Ahora Fantine veía al señor Madeleine transfigurado. Le parecía rodeado de luz. Estaba absorto en algo que parecía una plegaria. Ella lo estuvo mirando mucho rato sin atreverse a interrumpirlo. Por fin, le dijo con timidez:

—¿Qué hace aquí?

El señor Madeleine llevaba allí una hora. Estaba esperando a que Fantine se despertase. Le cogió la mano, le tomó el pulso y contestó:

—¿Cómo se encuentra?

—Bien; he dormido —dijo ella—; creo que estoy mejor. No será nada.

Él siguió diciendo, respondiendo, como si la acabase de oír, a la pregunta que le había hecho Fantine de entrada:

—Le estaba rezando a ese mártir de ahí arriba.

Y añadió con el pensamiento: «Por la mártir que está aquí abajo».

El señor Madeleine se había pasado la noche y la mañana informándose. Ahora estaba al tanto de todo. Sabía la historia de Fantine, con todos sus desgarradores detalles. Siguió diciendo:

—Ha sufrido mucho, pobre madre. ¡Ay, no se queje, ahora cuenta con la dote de los elegidos! Así es como los hombres se vuelven ángeles. No tienen ellos la culpa; es que no saben apañárselas de otro modo. Ese infierno del que ha salido es la primera forma del cielo, ¿sabe? Tenía que empezar por ahí.

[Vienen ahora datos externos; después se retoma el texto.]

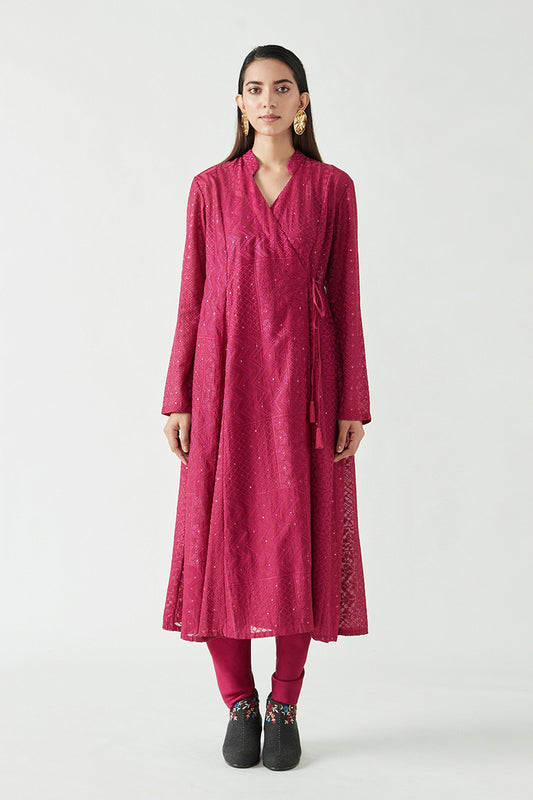 OLIVIA EMBROIDERED KURTA SET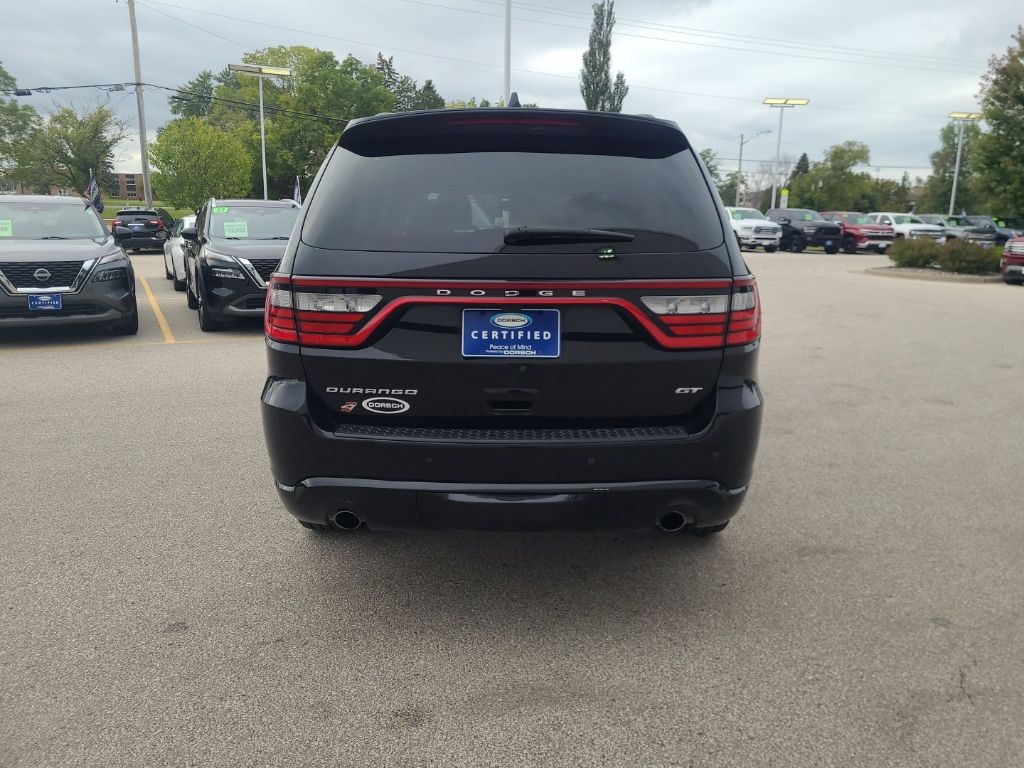 used 2024 Dodge Durango car, priced at $34,622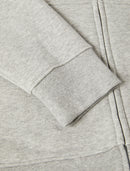 Dickies Full Zip Fleece Hoodie - Heather Grey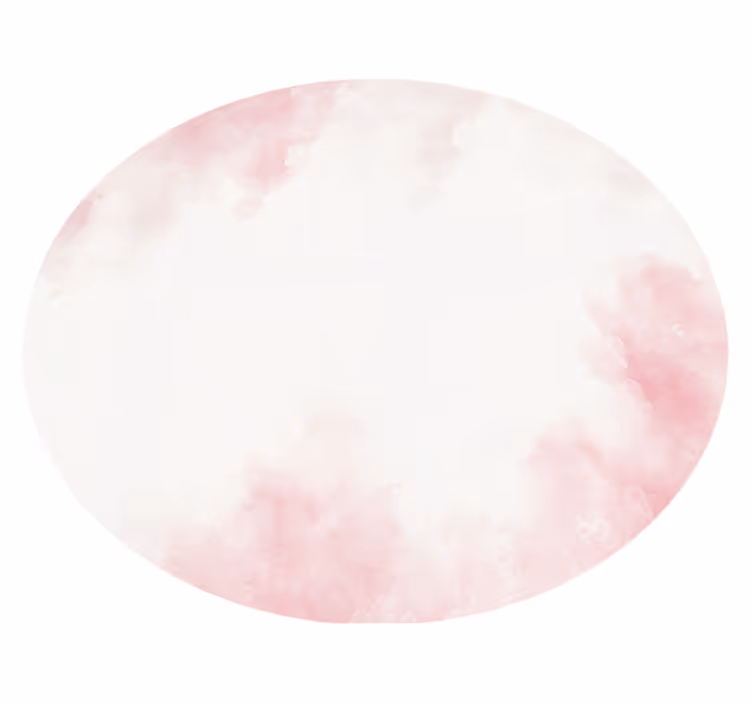 Cloud-Inspired Circular Design minimalist vinyl rug - TenStickers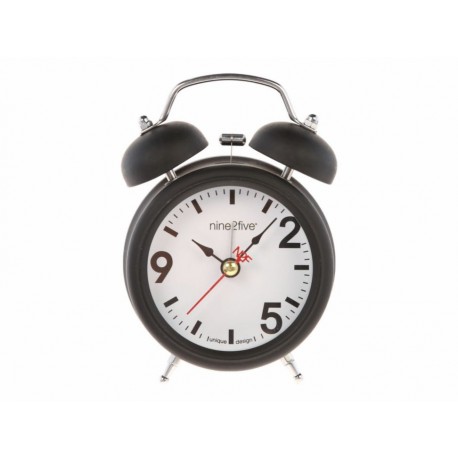 Reloj Despertador La Tendence negro-ComercializadoraZeus- 1054742351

Dio un hondo suspiro. Pero ella le sonreía con esa sonrisa sublime a la que le faltaban dos dientes.

Esa misma noche Javert había escrito una carta. La llevó personalmente al día siguiente por la mañana a la oficina de correos de Montreuil-sur-Mer. Iba a París y en el sobre ponía: A la atención del señor Chabouillet, secretario del señor prefecto de policía. Como había corrido la voz de lo sucedido en el cuerpo de guardia, la jefa de la oficina de correos y unas cuantas personas más que vieron la carta antes de que saliera y reconocieron en las señas la letra de Javert pensaron que enviaba su dimisión.

Al señor Madeleine le faltó tiempo para escribir a los Thénardier. Fantine les debía ciento veinte francos. Les mandó trescientos, diciéndoles que se cobrasen de esa cantidad y que llevasen a la niña en el acto a Montreuil-sur-Mer, donde su madre, enferma, la reclamaba.

Thénardier se quedó deslumbrado.

—¡Demonios! —le dijo a su mujer—. No hay que soltar a la niña. Resulta que esa simple va a convertirse en una vaca lechera. Adivino qué ha sucedido. Algún bobo se habrá encaprichado de la madre.